Mitra: Yes. Most investors don’t appreciate why we need to hire people with skill sets that are a lot more expensive. It’s a different pedigree. You can’t hire from the street and build a successful hardware company. You have to select from a small group of people who are experts.
SE: On the flipside, kids coming out of school want to work for Facebook, Google, and software companies doing analytics. If there is a preponderance of them versus hardware engineers, what happens?
Mitra: It tips the balance more to the software side. The majority of the kids want to do that because that is where they see the growth. Having said that, when you go to schools like Georgia Tech, kids come out with an architecture background but no company will hire them into an architecture position because they believe that architecture is something that comes with experience. These kids end up becoming verification engineers in the semiconductor industry. At NetSpeed, we haven’t done that. We have broadened them and given them architecture responsibility because we have a software machine learning tool that we are building to configure the NoCs (networks on chip). It may be the same experience they would get at Facebook, but there they would get it much later in their career because those positions are the gems of the field. You have to pay your dues and do a lot more work on the fringes before you get to work on the guts.
SE: What do you mean by machine learning? That term has been defined in many ways.

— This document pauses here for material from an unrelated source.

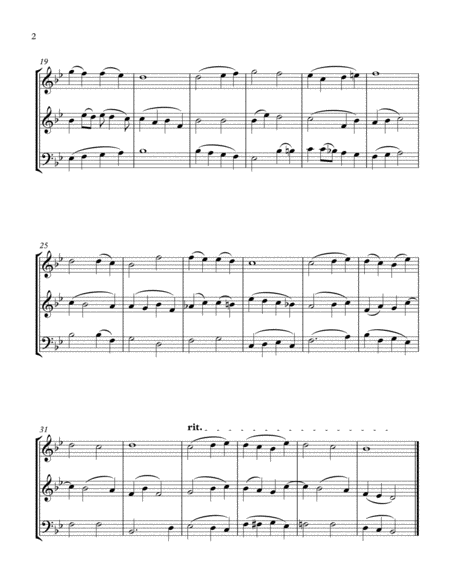 Remembrance Day Abide With Me Woodwind Trio Page 2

Mitra: From my perspective, it is making your design adapt. If you compare machine learning to AI, there’s very little difference because AI is adding synaptic, new connections so that you can do more. You are designing an optimal processing agent size and you are adapting the connections to it to ensure that it can do more.
SE: How do you see on-chip networks evolving with that?
Mitra: You can always have a manual method of doing it. But with the heterogeneity of our SoC design flows, if you don’t have something that allows a customer to modulate the design and configure it based on heterogeneous traffic flows, they are going to be overdesigning or under-designing.
SE: You’re talking about the self-configuration side, right? This is really one step beyond where most people are today.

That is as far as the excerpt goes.